To use IPsec with Digital Certificates:
Configure the Fabric Extend tunnels.
Configure the authentication method as RSA-signature. For more information, see Configure Public Key Infrastructure for IPsec Tunnels.
Configure certificate information in Fabric IPsec Gateway.
Fabric IPsec Gateway supports both online and offline certificate management simultaneously.
The switch uses IPsec Simple Certificate Enrollment Protocol (SCEP) to obtain the CA certificate, and then validates the CA certificate against the certificate chain.
Note
Extreme Networks validated the Fabric IPsec Gateway SCEP implementation with EJBCA CA Server only. Fabric IPsec Gateway SCEP cannot currently use Win CA like digital certificate support in VOSS.
Use trustpoints to manage and track CAs and certificates. The switch can enroll with a trustpoint to obtain an identity certificate. You must configure the CA URL, the CA common name, and select the HTTP request type to configure the CA server trustpoint.
Configure the certificate subject parameters to provide the device distinguished name (DN) and key name for the generated key pair (the private key). If you do not configure a private key, the switch generates one. The switch validates the returned certificate against the trustpoint's CA certificate.
You can remove subject certificates from the CA trustpoint or clean the CA trustpoint only if the subject-label is not configured on an IPsec tunnel.
Offline certificate management supports switches that cannot communicate with the CA to obtain the identity certificate online by certificate enrollment operation.

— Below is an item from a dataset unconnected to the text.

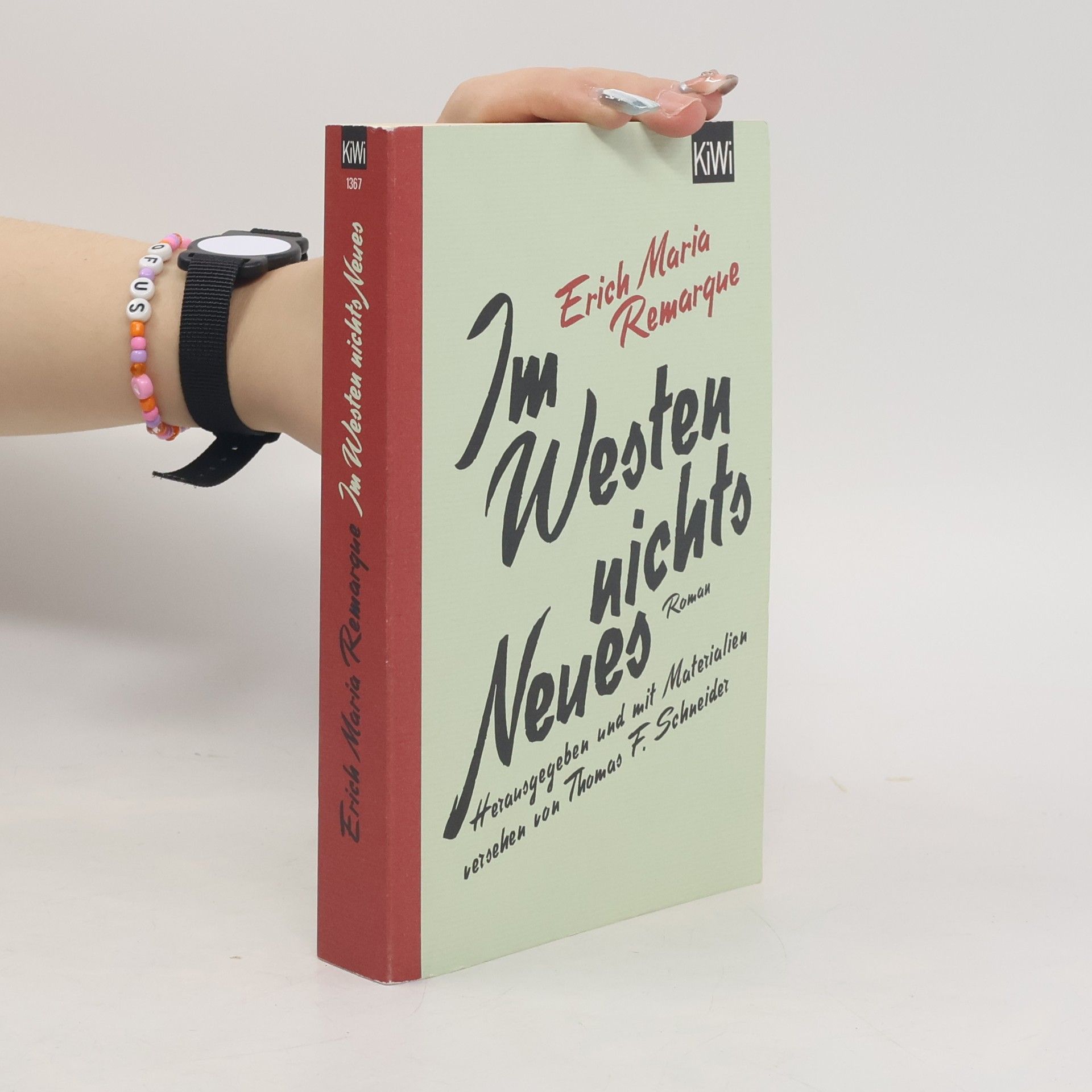 Erich Maria Remarque Im Westen nichts Neues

The switch generates the certificate signing request (CSR) using the subject DN and the private key that you configure in the CLI. If you do not configure a private key, the switch generates one.
Transfer the CSR to the offline CA to be signed. Retrieve the signed certificate to validate against the original CSR. You must manually transfer all certificates in the certificate chain to the switch. The signed certificate must include the subject-label to map it to a locally-generated CSR for validation.
You must manually download Certificate Revocation List (CRL) files. You can remove offline subject certificates only if the subject-label is not configured on an IPsec tunnel.